__Problem__:
Starting with the line that includes "忒色滴很！西安这家神级铁锅炖，除了远点没毛病…", write out every remaining line of the records below exactly as it appears, leaving out any images.

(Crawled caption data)

= Beginning of Section =

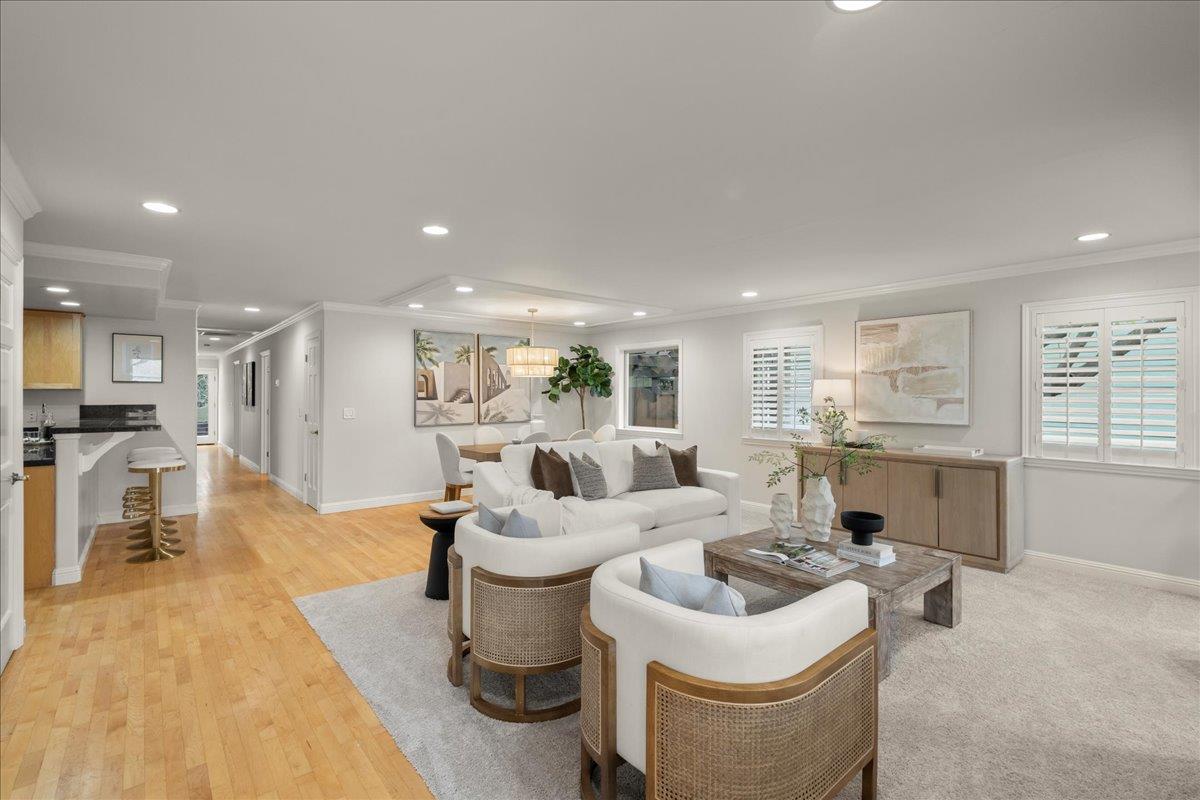 Detail Gallery Image 7 of 57 For 1922 Creek Dr, San Jose,  CA 95125 - 4 Beds | 3 Baths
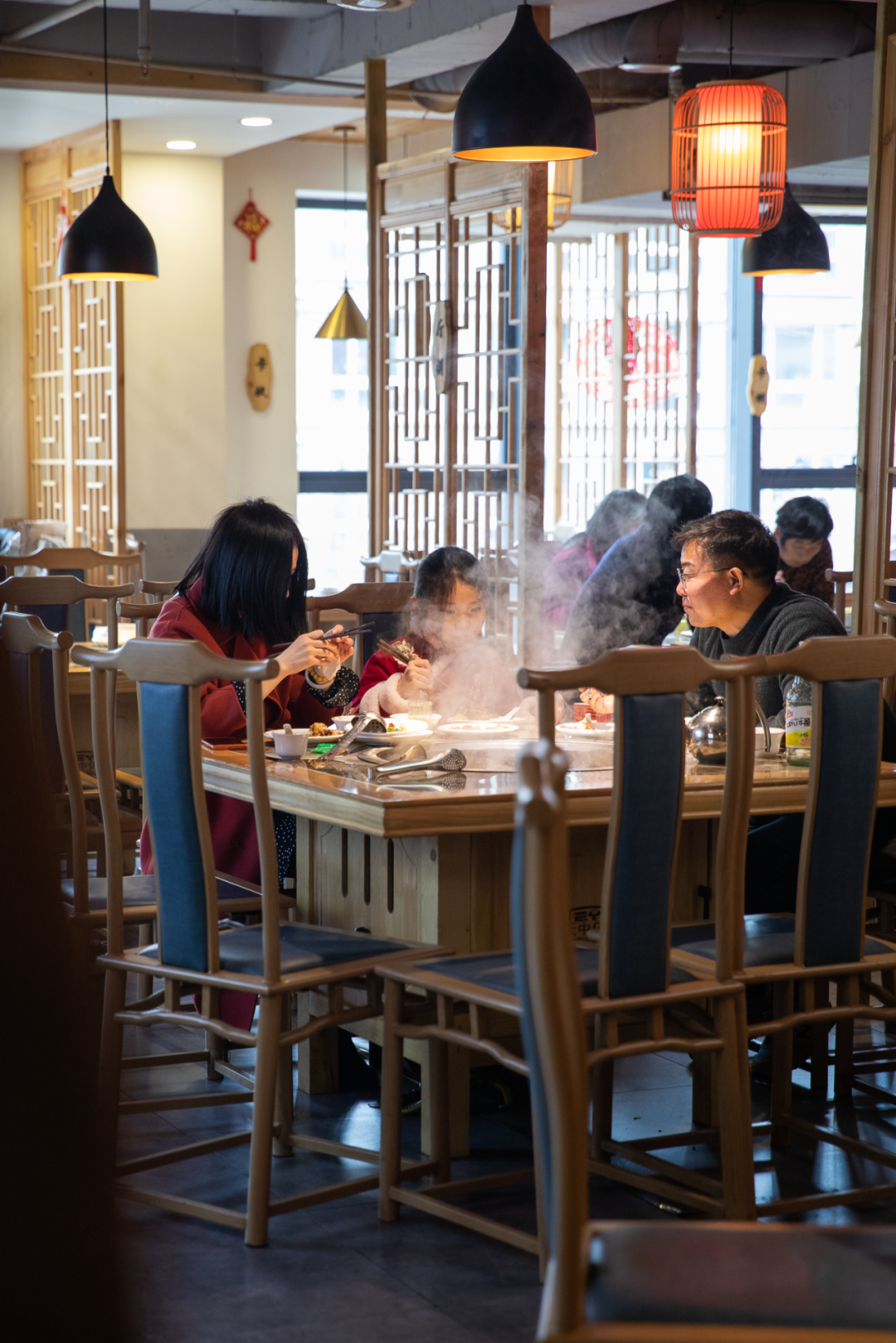 忒色滴很！西安这家神级铁锅炖，除了远点没毛病…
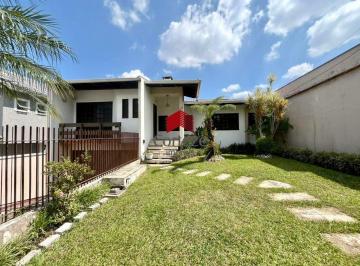 Casa · 280m² · 5 Quartos · 4 Vagas · Casa com 280m² 5 quartos, para aluguel, no bairro Uberaba em Curitiba
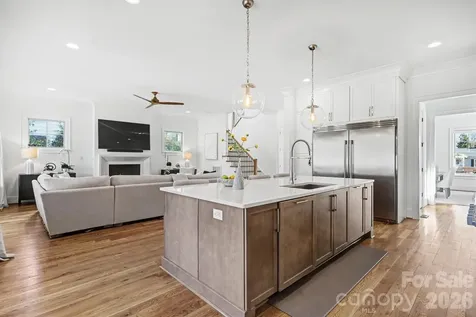 2852 Dorchester Place Charlotte NC 28209
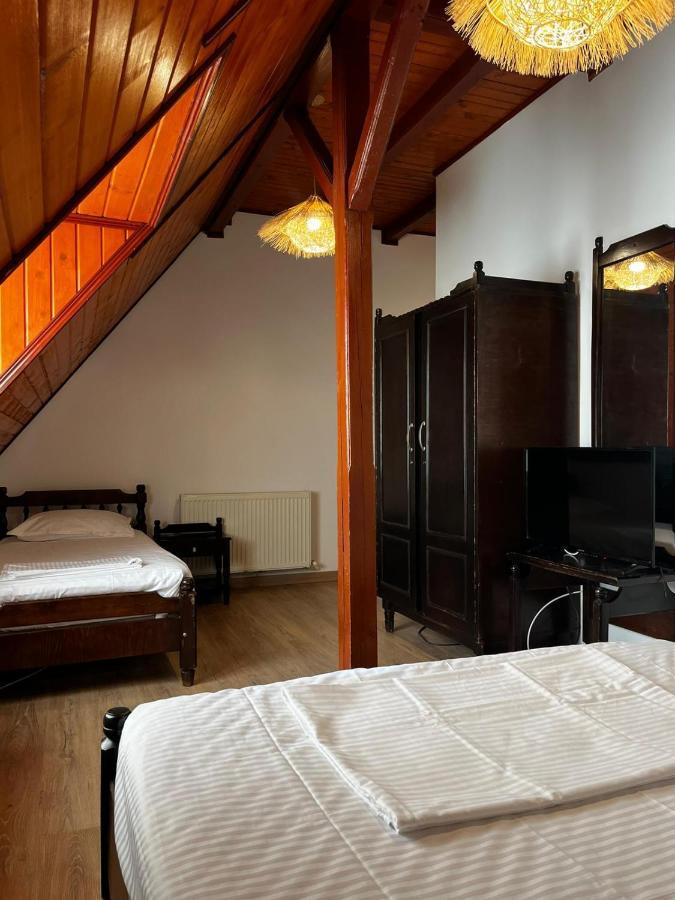 Hotel La Conac Nufaru Exteriér fotografie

= End of Section =

__Reply to the task__:
 忒色滴很！西安这家神级铁锅炖，除了远点没毛病…
 Casa · 280m² · 5 Quartos · 4 Vagas · Casa com 280m² 5 quartos, para aluguel, no bairro Uberaba em Curitiba
 2852 Dorchester Place Charlotte NC 28209
 Hotel La Conac Nufaru Exteriér fotografie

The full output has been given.